Several organizers, including former Vice-president Al Gore, have revived the CDC’s meeting scheduled for next month. The CDC canceled the climate change and health summit just days before the Trump inaugural without explanation, according to CTV News Canada.
The summit will still be held in Atlanta, Georgia, but at the Carter Center instead of the CDC. It will be a one-day conference on February 16, 2017. Al Gore will still be one of two keynote speakers, said Dr. Georges Benjamin, executive director of the American Public Health Association.
Dr. Benjamin, the other keynote speaker said, “It’s going to be on climate and health and in many ways, it’s going to be a very different meeting,” reports ABC News.
The American Public Health Association, Climate Reality Project, Harvard Global Health Institute, and the University of Washington Center for Health and the Global Environment are hosting the meeting that is supported by the Turner Foundation, media giant Ted Turner’s environmentally focused foundation.
Event organizers say the “condensed version” of the meeting will preserve the intent and focus of the CDC version and will be a substantive working session.
“The evidence is clear that climate change is a major threat facing the public’s health,” said Dr. Ashish Jha, director of the Harvard Global Health Institute, according to E&E News. “Openly discussing these scientific issues will help us prepare for this looming challenge and better protect the American people.”

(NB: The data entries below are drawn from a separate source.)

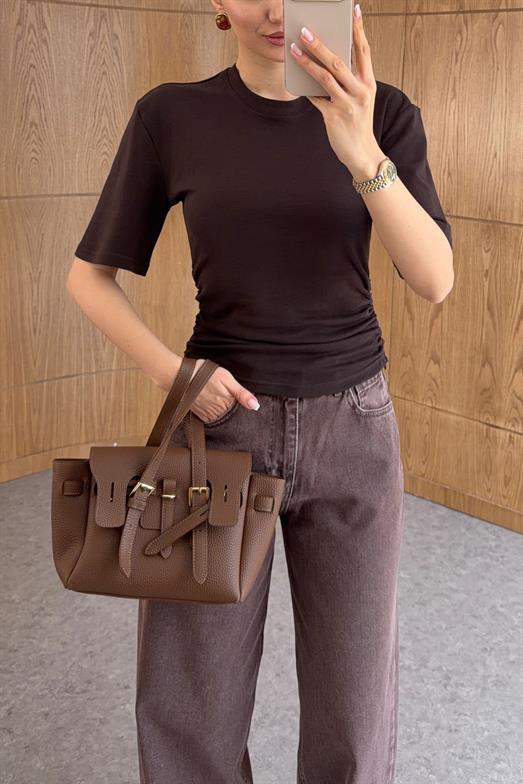 Yanları Büzgülü Kahve Bluz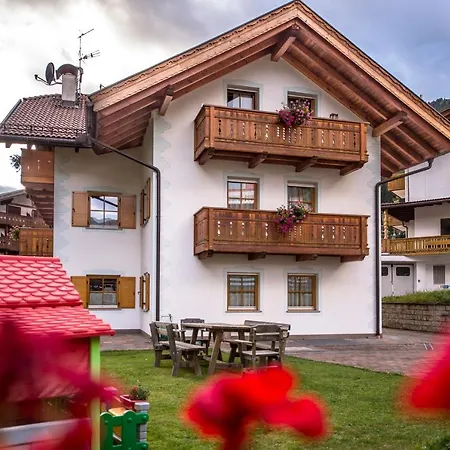 Cesa Bel Seren Lejlighed Campitello di Fassa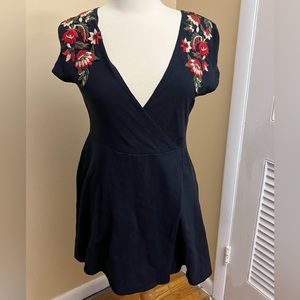 Zara women’s knit dress with embroidery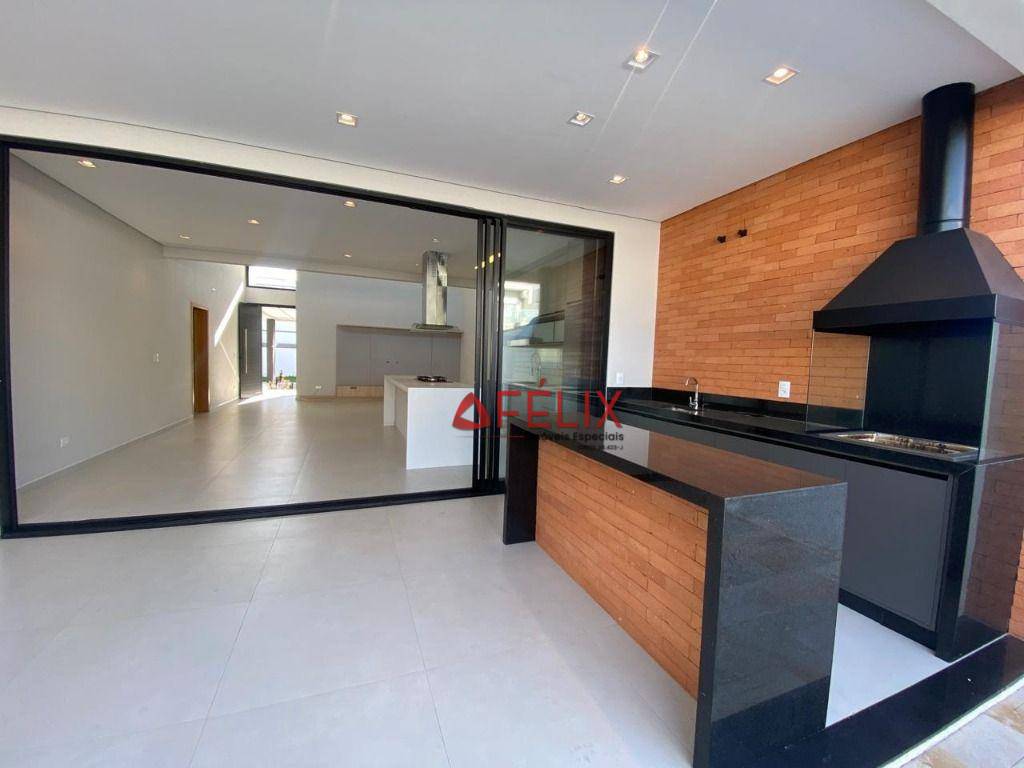 Casa de Condomínio para alugar com 3 quartos, 220m² - Foto 13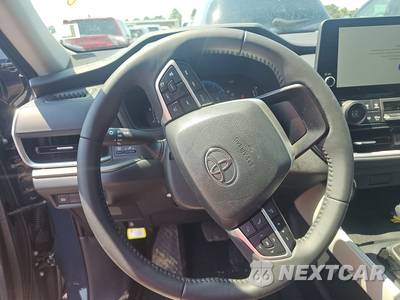 2026 Toyota Grand Highlander XLE - zdjęcie 10 z 21 - miniatura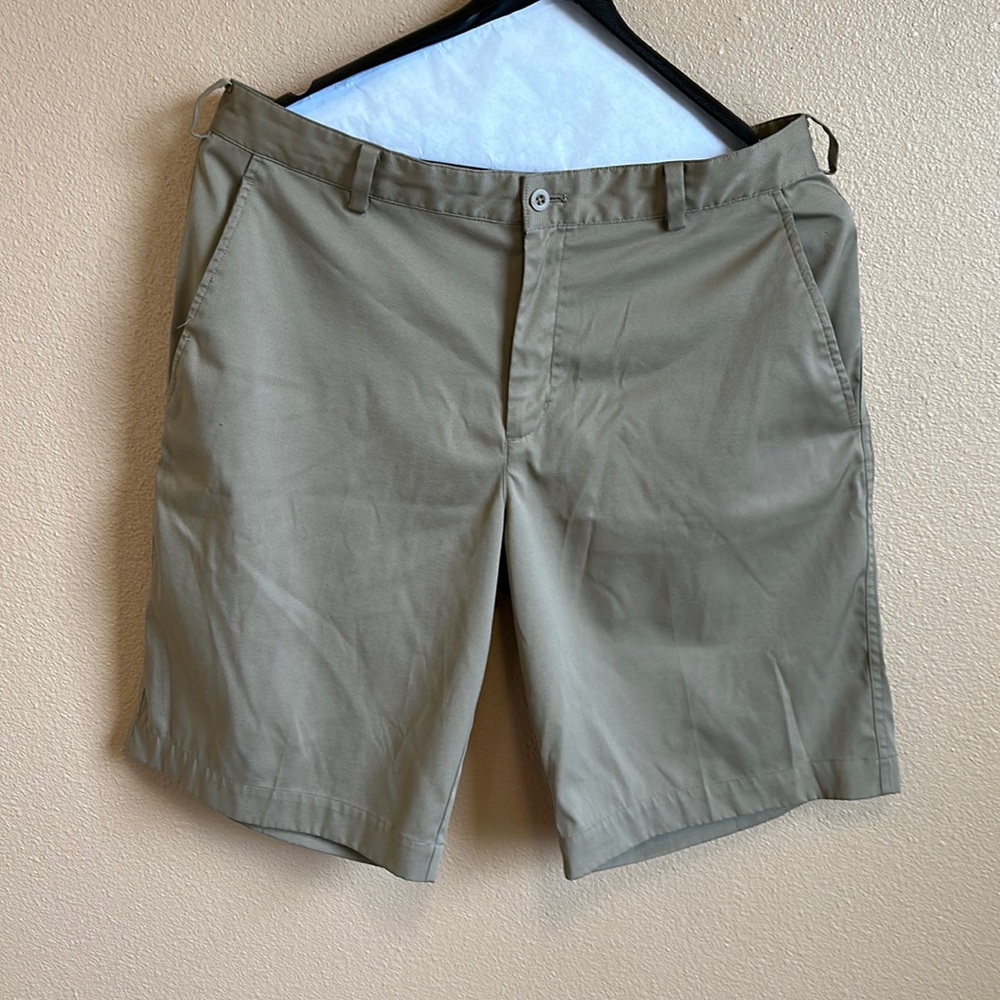 Nike Golf Dri Fit Khaki Shorts EUC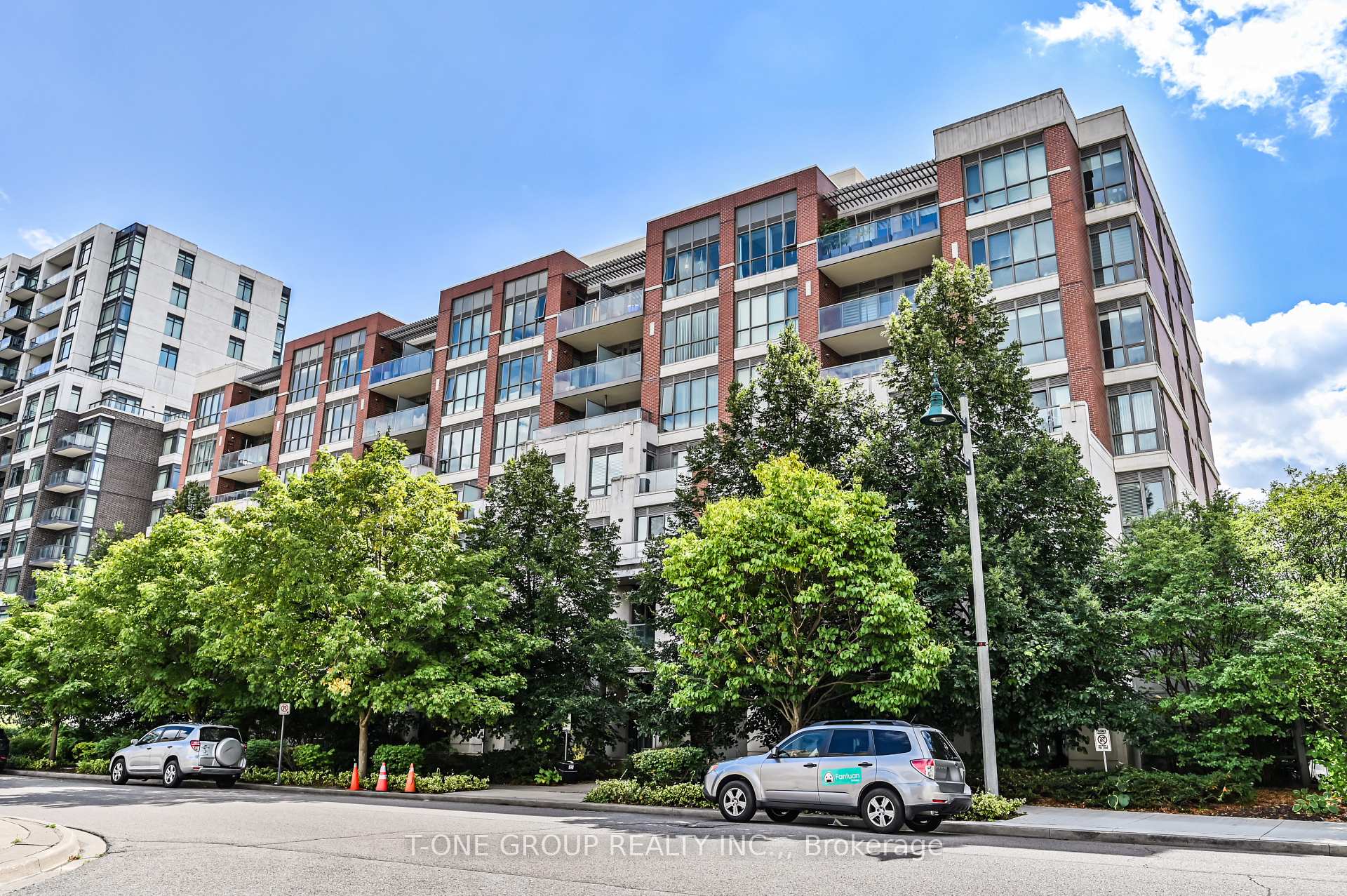 Photo 1 of Unit 404, 57 Upper Duke Crescent, Markham, Unionville — HOMEH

As Digital Journal reported on January 23, the CDC has a long history of backing away from hot political issues. Howard Frumkin, former director of the CDC Center for Environmental Health and a professor of environmental health at the University of Washington’s School of Public Health said, “Sometimes the agency is subject to external political pressure; sometimes the agency self-censors or pre-emptively stays away from certain issues. Climate change has been that issue historically.”